◆ Task prompt ◆
Print the first line of the material below and each line after it, exactly as written, ending with the line that contains "This is my Waterpik".

◆ Records provided ◆
● ● ● ● ● ● ●

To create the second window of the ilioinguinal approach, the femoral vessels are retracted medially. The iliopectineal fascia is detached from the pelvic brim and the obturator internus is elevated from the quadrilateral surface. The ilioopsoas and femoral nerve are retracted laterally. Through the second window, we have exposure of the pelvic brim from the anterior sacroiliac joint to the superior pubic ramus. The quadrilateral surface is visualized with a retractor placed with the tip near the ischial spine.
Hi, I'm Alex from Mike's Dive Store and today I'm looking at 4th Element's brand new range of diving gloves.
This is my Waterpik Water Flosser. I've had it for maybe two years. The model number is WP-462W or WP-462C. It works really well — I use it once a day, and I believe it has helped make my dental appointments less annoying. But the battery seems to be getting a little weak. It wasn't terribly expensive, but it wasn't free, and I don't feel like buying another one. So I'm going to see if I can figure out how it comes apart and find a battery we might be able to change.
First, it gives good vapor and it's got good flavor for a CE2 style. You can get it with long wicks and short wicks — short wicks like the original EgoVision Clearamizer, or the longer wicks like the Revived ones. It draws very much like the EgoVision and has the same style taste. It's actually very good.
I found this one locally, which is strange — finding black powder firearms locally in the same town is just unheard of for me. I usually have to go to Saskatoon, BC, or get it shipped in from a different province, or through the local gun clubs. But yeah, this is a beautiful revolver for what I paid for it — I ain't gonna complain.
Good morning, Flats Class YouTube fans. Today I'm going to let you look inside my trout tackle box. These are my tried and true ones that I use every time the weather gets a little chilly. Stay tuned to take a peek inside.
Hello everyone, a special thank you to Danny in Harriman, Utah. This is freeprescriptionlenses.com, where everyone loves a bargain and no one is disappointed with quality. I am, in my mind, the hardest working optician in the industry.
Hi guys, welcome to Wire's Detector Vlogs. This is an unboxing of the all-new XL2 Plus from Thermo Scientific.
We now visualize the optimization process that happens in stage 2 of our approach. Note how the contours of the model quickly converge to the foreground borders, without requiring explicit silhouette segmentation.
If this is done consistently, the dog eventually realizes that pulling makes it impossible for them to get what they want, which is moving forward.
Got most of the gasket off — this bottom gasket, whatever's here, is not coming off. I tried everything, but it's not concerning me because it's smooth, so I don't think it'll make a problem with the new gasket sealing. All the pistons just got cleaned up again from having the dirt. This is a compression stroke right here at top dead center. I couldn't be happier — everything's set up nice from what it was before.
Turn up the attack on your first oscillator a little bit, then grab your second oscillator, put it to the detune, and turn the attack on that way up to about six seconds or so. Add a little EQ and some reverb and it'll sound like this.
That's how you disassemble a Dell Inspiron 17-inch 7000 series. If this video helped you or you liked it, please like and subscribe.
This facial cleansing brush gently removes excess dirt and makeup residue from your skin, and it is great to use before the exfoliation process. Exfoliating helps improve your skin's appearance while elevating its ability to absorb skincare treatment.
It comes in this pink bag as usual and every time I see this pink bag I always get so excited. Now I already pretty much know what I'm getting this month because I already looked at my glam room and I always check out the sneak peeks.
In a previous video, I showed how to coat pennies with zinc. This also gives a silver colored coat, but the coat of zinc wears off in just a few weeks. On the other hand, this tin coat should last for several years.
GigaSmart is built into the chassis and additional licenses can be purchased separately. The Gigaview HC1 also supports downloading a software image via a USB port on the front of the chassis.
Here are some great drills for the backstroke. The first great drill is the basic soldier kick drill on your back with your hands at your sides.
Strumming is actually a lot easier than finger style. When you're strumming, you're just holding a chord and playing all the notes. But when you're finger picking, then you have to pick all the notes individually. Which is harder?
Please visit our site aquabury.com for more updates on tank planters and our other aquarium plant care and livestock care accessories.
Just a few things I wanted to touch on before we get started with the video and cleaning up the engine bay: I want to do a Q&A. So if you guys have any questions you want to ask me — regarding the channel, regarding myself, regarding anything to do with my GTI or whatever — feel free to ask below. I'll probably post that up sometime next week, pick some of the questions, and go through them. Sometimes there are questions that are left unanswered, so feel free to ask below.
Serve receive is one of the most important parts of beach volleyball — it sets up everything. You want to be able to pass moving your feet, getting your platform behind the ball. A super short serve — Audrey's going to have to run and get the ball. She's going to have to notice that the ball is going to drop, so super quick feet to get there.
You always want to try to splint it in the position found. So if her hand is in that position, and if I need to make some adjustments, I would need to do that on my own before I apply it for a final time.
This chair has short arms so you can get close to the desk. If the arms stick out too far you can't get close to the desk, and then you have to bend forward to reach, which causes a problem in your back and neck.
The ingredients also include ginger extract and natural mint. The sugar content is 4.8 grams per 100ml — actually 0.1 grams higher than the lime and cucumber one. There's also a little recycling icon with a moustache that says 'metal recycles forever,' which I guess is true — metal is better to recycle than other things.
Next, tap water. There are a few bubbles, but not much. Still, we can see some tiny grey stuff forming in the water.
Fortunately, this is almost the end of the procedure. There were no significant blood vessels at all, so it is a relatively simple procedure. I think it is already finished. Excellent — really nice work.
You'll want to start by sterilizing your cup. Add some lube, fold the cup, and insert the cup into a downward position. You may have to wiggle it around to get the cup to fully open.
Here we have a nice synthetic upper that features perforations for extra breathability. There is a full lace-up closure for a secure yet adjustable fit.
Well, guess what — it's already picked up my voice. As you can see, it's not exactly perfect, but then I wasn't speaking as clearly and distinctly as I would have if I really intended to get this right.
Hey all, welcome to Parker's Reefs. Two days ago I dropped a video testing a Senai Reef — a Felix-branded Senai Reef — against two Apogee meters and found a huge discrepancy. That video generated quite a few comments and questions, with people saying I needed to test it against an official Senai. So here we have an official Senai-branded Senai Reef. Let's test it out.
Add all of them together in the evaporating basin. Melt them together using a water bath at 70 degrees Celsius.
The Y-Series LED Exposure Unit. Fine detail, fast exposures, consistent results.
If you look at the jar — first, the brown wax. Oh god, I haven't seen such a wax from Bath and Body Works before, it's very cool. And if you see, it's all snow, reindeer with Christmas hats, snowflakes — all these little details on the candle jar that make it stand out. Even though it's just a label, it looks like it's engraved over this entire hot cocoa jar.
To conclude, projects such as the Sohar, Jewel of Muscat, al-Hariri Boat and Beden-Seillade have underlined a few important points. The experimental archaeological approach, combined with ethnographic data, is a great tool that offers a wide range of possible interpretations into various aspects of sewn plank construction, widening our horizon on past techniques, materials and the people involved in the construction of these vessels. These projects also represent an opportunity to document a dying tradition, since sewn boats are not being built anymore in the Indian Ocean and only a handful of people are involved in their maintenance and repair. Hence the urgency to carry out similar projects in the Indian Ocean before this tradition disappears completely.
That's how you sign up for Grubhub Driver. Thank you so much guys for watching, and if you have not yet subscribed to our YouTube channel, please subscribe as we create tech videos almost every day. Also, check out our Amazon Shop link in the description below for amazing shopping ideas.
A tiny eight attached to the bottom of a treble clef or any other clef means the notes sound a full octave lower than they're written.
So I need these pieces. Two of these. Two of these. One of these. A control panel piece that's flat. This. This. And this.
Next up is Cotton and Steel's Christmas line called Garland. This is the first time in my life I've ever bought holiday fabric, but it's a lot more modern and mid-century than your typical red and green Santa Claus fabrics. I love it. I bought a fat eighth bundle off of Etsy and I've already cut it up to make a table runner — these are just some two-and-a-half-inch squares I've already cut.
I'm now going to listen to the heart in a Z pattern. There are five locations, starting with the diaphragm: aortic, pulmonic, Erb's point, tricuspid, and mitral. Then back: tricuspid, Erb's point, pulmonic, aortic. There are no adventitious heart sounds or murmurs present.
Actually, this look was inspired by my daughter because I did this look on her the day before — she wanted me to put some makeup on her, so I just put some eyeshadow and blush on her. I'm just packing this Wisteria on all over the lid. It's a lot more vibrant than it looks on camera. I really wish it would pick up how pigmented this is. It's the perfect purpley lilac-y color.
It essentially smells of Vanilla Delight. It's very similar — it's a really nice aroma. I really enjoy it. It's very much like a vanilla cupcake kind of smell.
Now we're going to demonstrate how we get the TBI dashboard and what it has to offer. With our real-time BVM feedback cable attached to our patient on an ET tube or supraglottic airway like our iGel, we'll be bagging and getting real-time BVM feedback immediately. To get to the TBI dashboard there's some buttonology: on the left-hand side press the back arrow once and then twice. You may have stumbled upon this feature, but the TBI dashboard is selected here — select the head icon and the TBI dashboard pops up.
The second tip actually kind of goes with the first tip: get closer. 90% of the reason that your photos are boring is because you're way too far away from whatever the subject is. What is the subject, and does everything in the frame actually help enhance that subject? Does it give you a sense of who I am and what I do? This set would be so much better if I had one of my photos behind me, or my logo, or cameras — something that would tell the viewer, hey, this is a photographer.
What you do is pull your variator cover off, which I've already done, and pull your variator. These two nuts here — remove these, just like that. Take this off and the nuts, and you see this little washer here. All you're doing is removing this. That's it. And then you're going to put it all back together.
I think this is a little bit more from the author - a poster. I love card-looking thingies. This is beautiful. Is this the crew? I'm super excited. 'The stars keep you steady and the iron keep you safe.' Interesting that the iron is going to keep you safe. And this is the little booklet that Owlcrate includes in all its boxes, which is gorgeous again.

● ● ● ● ● ● ●

◆ Exercise result ◆
To create the second window of the ilioinguinal approach, the femoral vessels are retracted medially. The iliopectineal fascia is detached from the pelvic brim and the obturator internus is elevated from the quadrilateral surface. The ilioopsoas and femoral nerve are retracted laterally. Through the second window, we have exposure of the pelvic brim from the anterior sacroiliac joint to the superior pubic ramus. The quadrilateral surface is visualized with a retractor placed with the tip near the ischial spine.
Hi, I'm Alex from Mike's Dive Store and today I'm looking at 4th Element's brand new range of diving gloves.
This is my Waterpik Water Flosser. I've had it for maybe two years. The model number is WP-462W or WP-462C. It works really well — I use it once a day, and I believe it has helped make my dental appointments less annoying. But the battery seems to be getting a little weak. It wasn't terribly expensive, but it wasn't free, and I don't feel like buying another one. So I'm going to see if I can figure out how it comes apart and find a battery we might be able to change.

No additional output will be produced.